> Assignment
Reproduce only the lines of the material below that start at the line containing "Paesaggio di montagne innevate sull acqua" and stop at the line containing "Lot de deux tortues ninja". Keep both end lines.

> Excerpted data

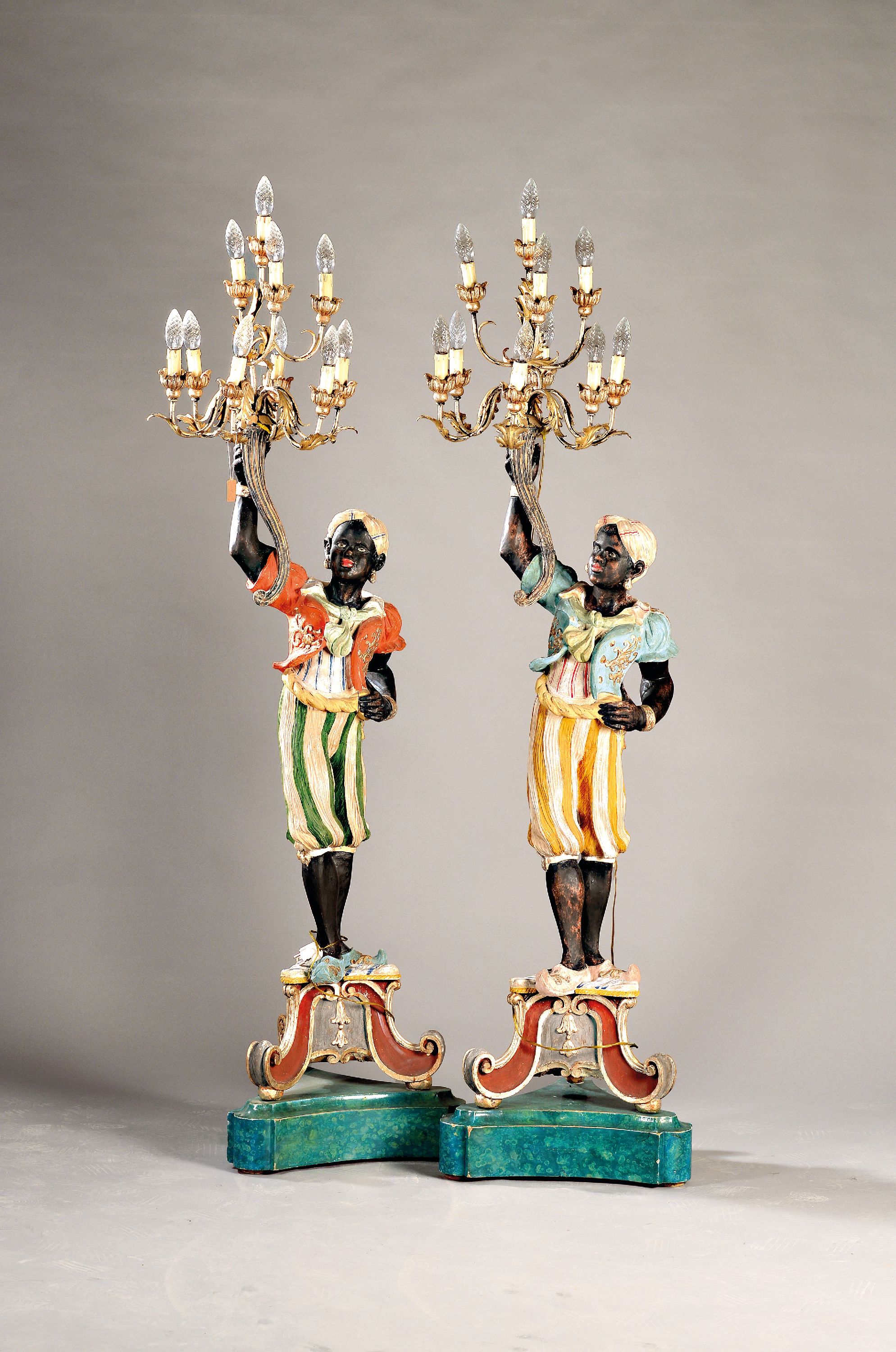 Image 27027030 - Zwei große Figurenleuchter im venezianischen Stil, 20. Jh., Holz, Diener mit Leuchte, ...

* * *

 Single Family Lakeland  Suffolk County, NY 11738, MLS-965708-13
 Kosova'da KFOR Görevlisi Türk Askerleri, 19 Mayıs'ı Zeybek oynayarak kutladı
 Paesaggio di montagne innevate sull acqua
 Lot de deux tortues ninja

...

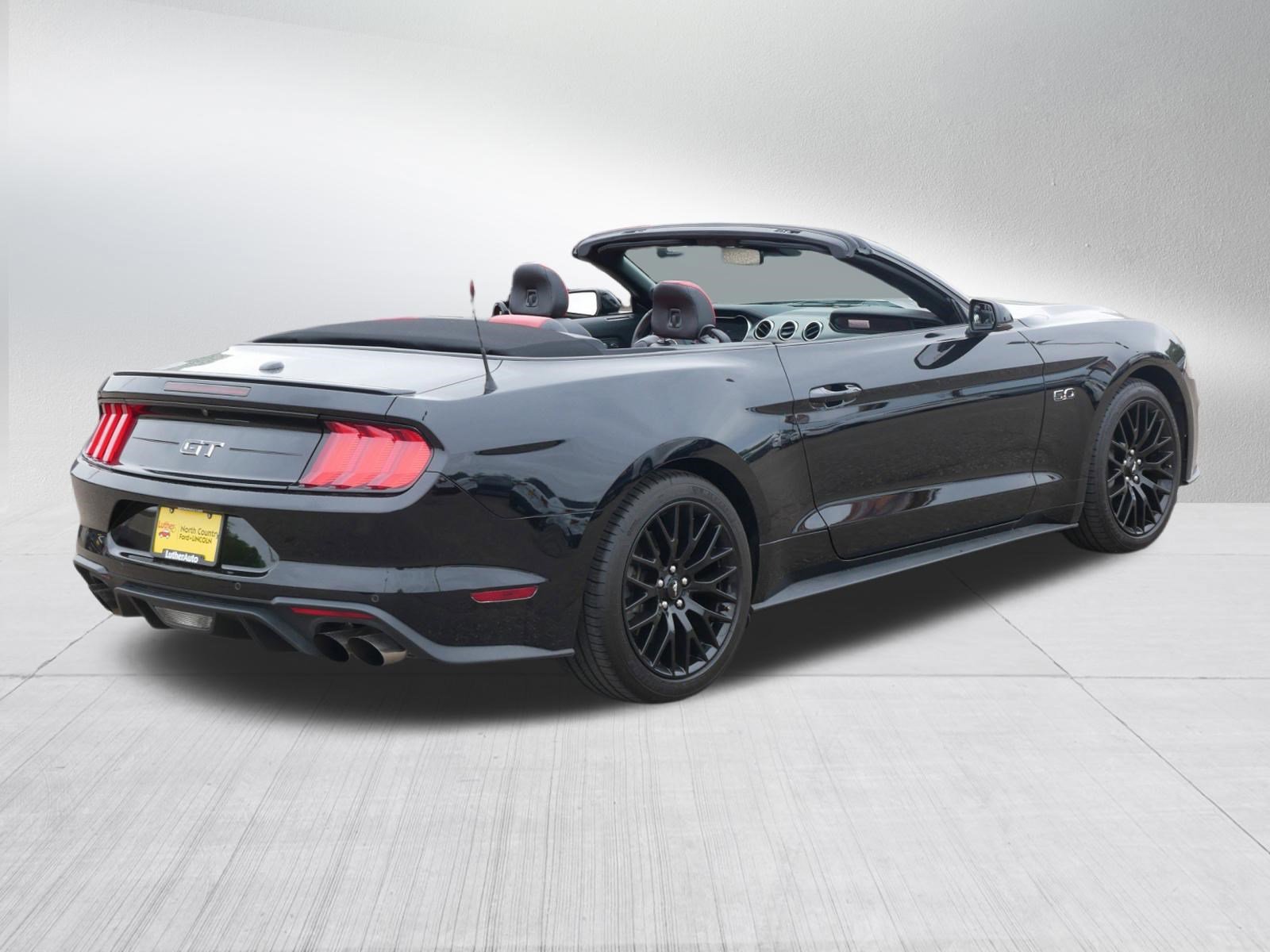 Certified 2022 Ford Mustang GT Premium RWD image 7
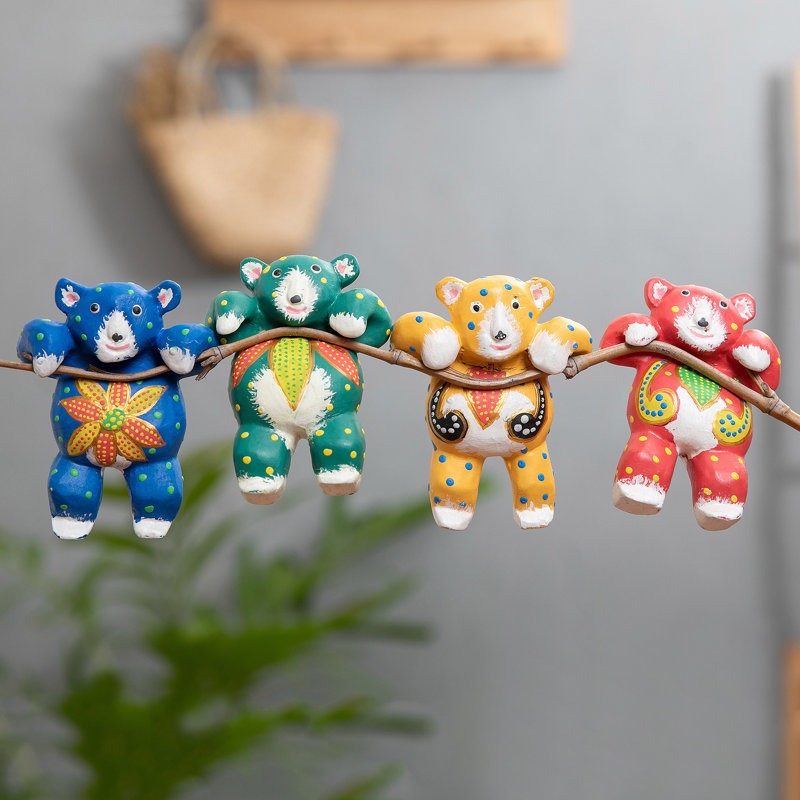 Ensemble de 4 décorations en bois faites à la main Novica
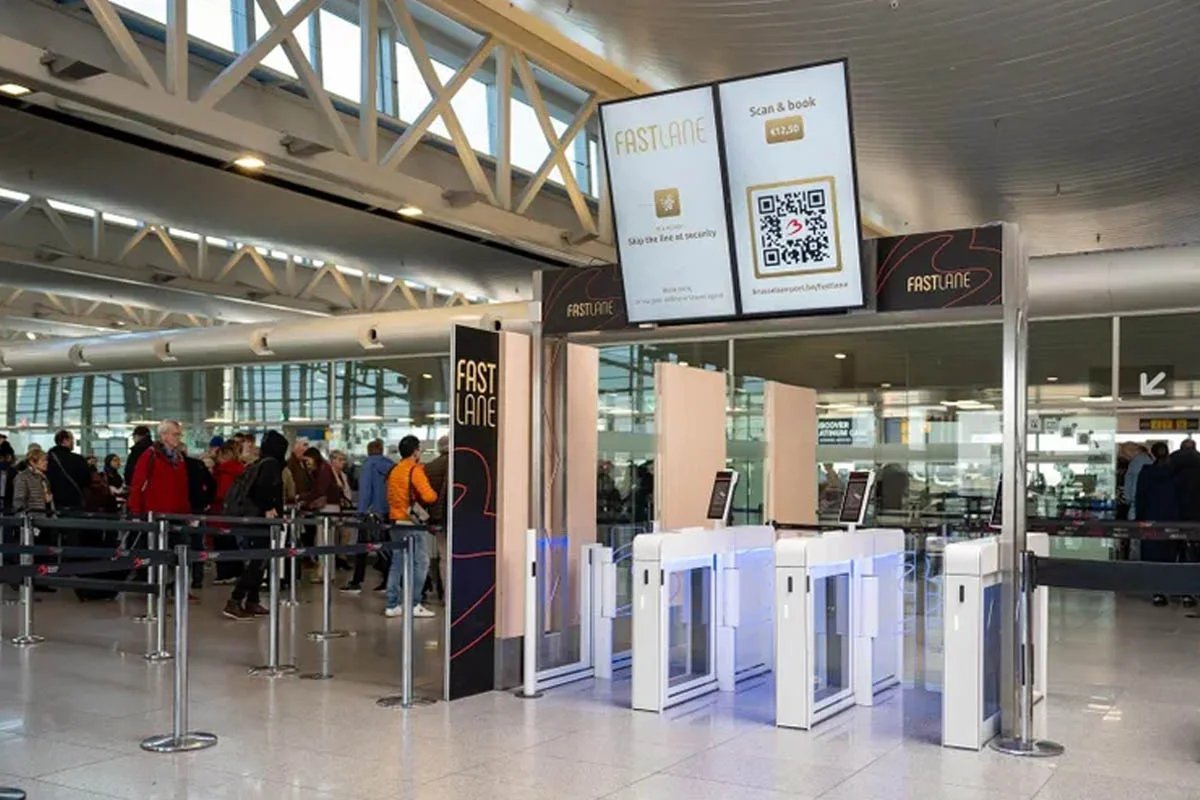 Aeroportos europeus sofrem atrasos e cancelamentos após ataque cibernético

> Finished task
 Paesaggio di montagne innevate sull acqua
 Lot de deux tortues ninja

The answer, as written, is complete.